What is required, according to Muslim scholar Javed Ghamidi, is a counter religious narrative to that of the Taliban. Even more importantly, in Maulana Wahiduddin Khan's words, a "merciless introspection" is sorely needed to confront the Taliban within.

After all, what ideological difference lies between the Taliban extremists who wantonly engage in fisadh fil ardh (corruption on Earth) and those who while eschewing violent means, still support a religious narrative that has led to the subjugation of others.

When will the Pakistani masses realize that exploiting Islam to recreate the glory of past Caliphates and to justify the subjugation of religious minorities is based on a supremacist ideology born out of immense inferiority complex and colonial baggage?

Yet, hope lies in the 400 hundred protestors in Islamabad who have gathered outside the Red Mosque to demand the arrest of Maulvi Abdul Aziz, a Taliban apologist who has continued to indoctrinate Muslim youth in his madrassa.

These protests have unnerved the Taliban to the extent that they have issued death threats to a young social activist, Jibran Nasir, one of the organizers of the Islamabad demonstrations.

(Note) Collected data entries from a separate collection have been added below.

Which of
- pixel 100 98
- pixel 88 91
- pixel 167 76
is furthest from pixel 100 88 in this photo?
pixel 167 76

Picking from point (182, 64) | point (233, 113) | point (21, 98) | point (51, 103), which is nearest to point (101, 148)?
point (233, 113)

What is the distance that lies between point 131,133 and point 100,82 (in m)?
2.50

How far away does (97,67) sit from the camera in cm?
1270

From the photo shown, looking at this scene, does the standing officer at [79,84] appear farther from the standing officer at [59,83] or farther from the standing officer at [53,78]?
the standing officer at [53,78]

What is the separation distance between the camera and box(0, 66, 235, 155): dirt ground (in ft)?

Nasir has defiantly asserted, "I don't see myself as a lone soldier. The real heroes are the 400 brave people of Islamabad who decided to join me in taking on people like Abdul Aziz."

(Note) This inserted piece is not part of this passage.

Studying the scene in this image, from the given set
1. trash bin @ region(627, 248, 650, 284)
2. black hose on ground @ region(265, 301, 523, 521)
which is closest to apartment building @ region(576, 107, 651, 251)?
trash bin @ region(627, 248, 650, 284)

While a non-bailable arrest warrant has been issued under public pressure against Maulvi Abdul Aziz, the momentum of the public protests must not be allowed to die out.

Will Western critics use their collective might to provide assistance to these brave protestors by calling into account the ineffectual Pakistani government or will they continue to harp "Where are the moderate Muslim voices" long after such voices are silenced?

Will Pakistanis in the Diaspora do nothing but pray? Must the Islamabad protestors and the few brave judges and police officers stand alone in the face of death threats and other challenges?

Can they accept Nasir's online challenge to flood social media with messages declaring, "We are not a nation of Taliban apologists, we are not afraid of the Taliban and we wish to reclaim our mosques".

Will they sign the Charter of Demands by ordinary Pakistani citizens that includes a zero tolerance policy for hate speech and extremist ideologies?

Can they recognize that the draconian blasphemy laws and the Second amendment, which subjugate their fellow citizens, emerge from the same cesspool of hate that has resulted in the cold murder of 132 Muslim children?

Will they reach out to Pakistani Christians, Ahmadis, Sikhs, and other religious minorities, who despite being immensely persecuted, stand firmly for Pakistan against the Taliban?

If the death of these 132 children does not lead to such introspection and action, then to use Islamic jargon, the fate of such a nation is sealed.